::: Input

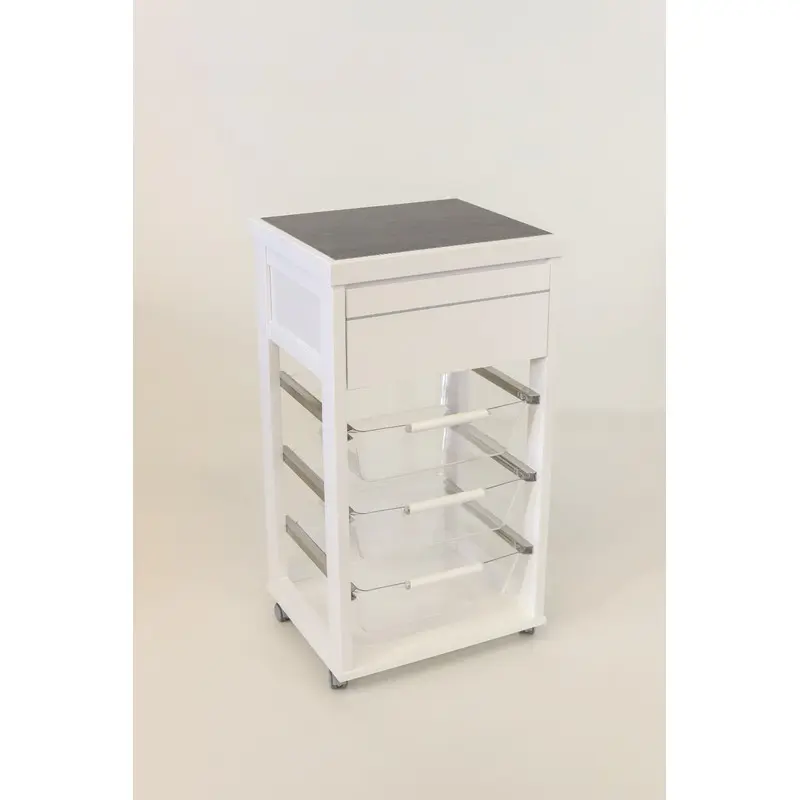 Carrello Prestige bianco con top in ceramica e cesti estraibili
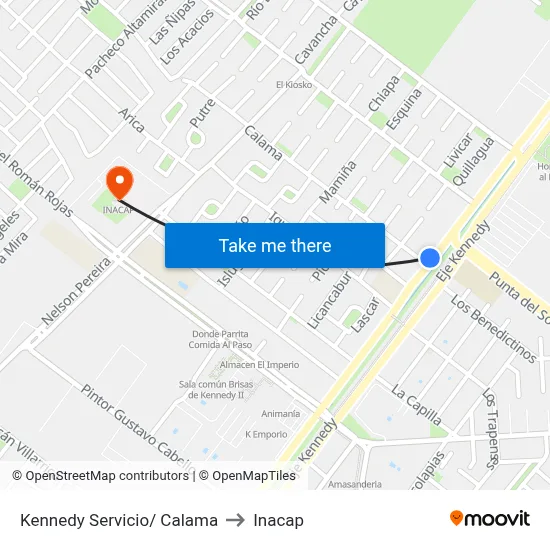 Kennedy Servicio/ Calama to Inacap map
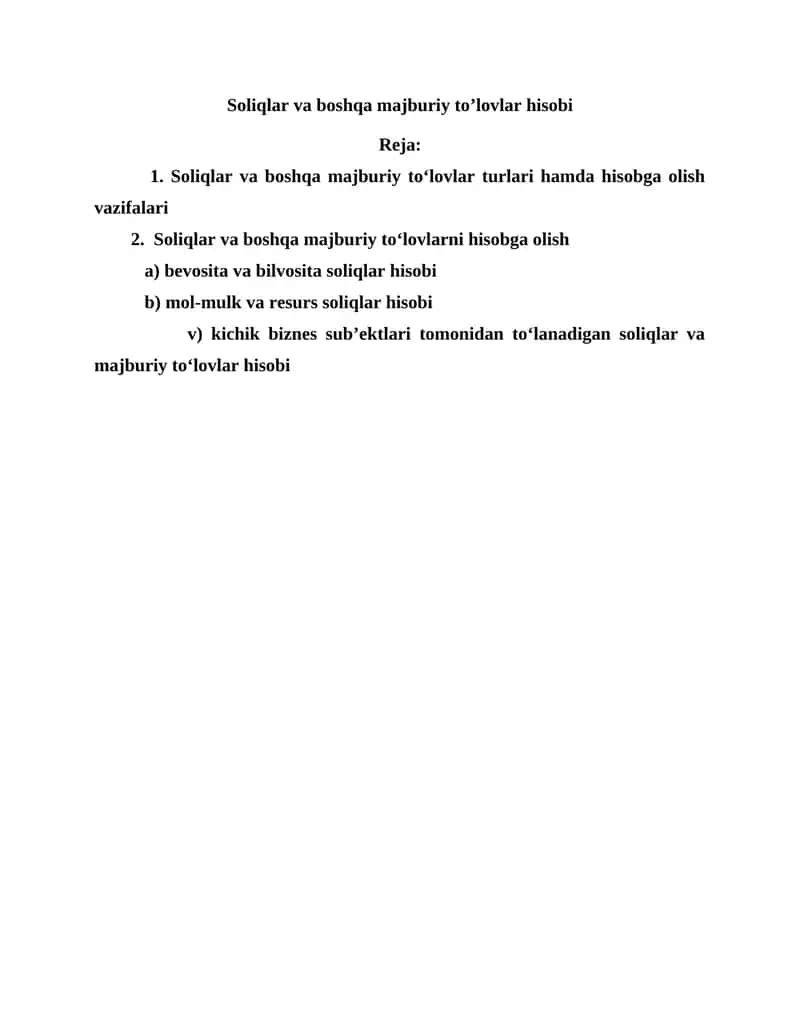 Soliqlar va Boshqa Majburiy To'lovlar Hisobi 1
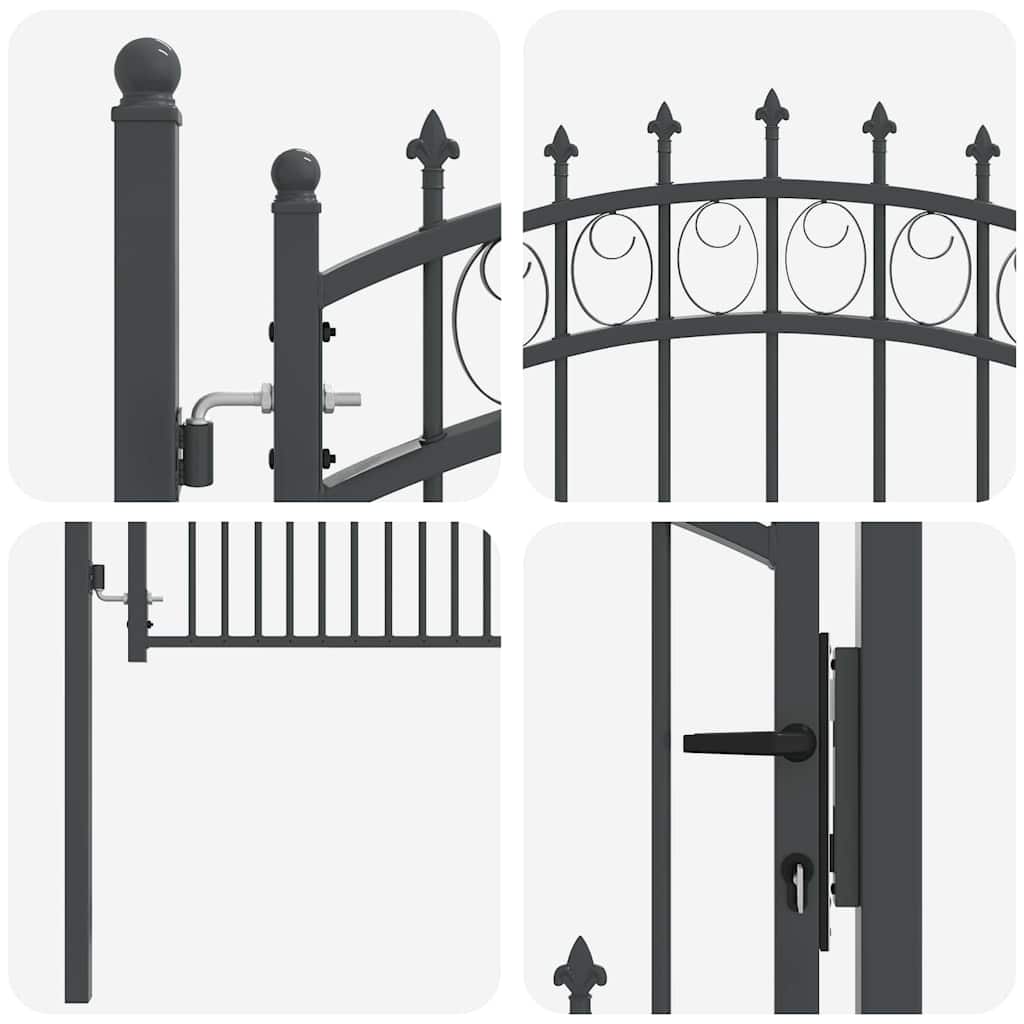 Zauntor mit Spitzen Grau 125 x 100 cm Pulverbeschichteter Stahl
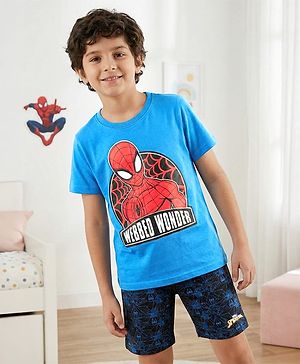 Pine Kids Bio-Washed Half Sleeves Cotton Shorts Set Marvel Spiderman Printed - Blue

::::::

• What needs to be done:
Pictures aside, restate the entries word for word.

• Solved problem:
 Carrello Prestige bianco con top in ceramica e cesti estraibili
 Kennedy Servicio/ Calama to Inacap map
 Soliqlar va Boshqa Majburiy To'lovlar Hisobi 1
 Zauntor mit Spitzen Grau 125 x 100 cm Pulverbeschichteter Stahl
 Pine Kids Bio-Washed Half Sleeves Cotton Shorts Set Marvel Spiderman Printed - Blue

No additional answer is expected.